Convention: yes must always mean the rule was followed. Phrase the
judge question positively: "Does the email avoid fabricating metrics?"
rather than "Does the email fabricate metrics?" — otherwise passed=true
will fire on rule violations.
Report
agent: outreach-writer
case: ic-engineer-with-context
[H1] word_count_le PASS 127 words (limit 140)

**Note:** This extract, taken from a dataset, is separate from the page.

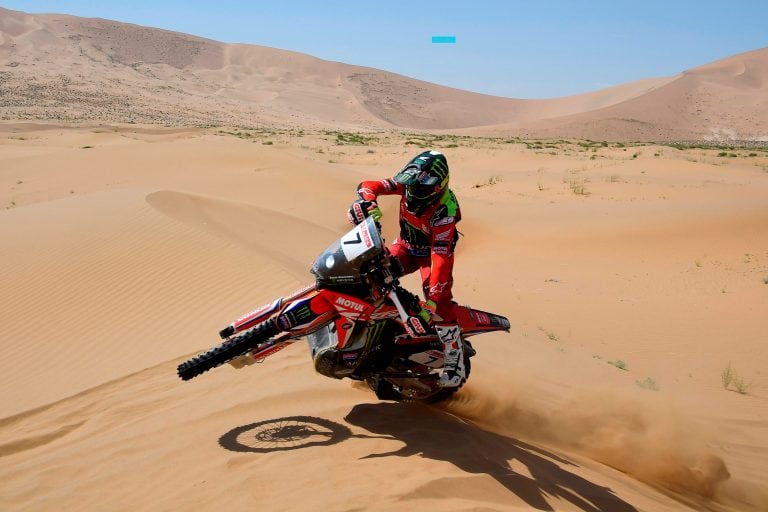 Kevin Benavides rides his Honda CRF450  (Photo by DAMIEN MEYER / AFP)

[H3] does_not_contain PASS none of 5 forbidden substrings present
[D1] llm_judge PASS judge: yes
[D2] llm_judge FAIL judge: no
...
adherence by rule:
[D1] 2/2 (100%)
[D2] 1/2 (50%) ← attention
[H1] 2/2 (100%)
[H3] 2/2 (100%)
overall: 7/8 (88%)Rule-grouped output tells you which rule the agent is missing — which is the thing you can actually go fix.
Dev
npm test # node:test suites for parser, linter, checks, runner, fixtures
npm run typecheck # tsc --noEmit
npm run ci # typecheck + test + lint:examples + optional isolint passThe runner takes an AgentFn and optional JudgeFn by injection, so tests
run fully offline against a fake agent. The Anthropic client is isolated to
src/anthropic.ts.
Layout
src/
types.ts AST shapes
parser.ts markdown → AST
render.ts AST → compiled prompt
linter.ts structural checks (L1–L12)
checks.ts check functions
fixtures.ts YAML loader
runner.ts wires prompt + fixtures + agent
anthropic.ts Claude client (AgentFn + JudgeFn via SDK)
claude-code.ts Claude client (AgentFn + JudgeFn via `claude -p` subprocess)
report.ts format per-rule adherence
cli.ts command dispatcher
examples/
outreach-writer.md
fixtures/outreach-writer.yml
tests/ node:test suites
bin/agentmd tsx entry shim
assets/
logo.svg wordmark
mark.svg square mark (avatar / social image)Brand
- Primary: teal
#0F766E(the bracketed[md]in the wordmark, and the background of the square mark) - Secondary: slate
#374151(the "agent" portion of the wordmark) - Motif:
[md]rendered in the same bracket shape used for rule IDs ([H1],[D1]) — the brackets are the format's signature.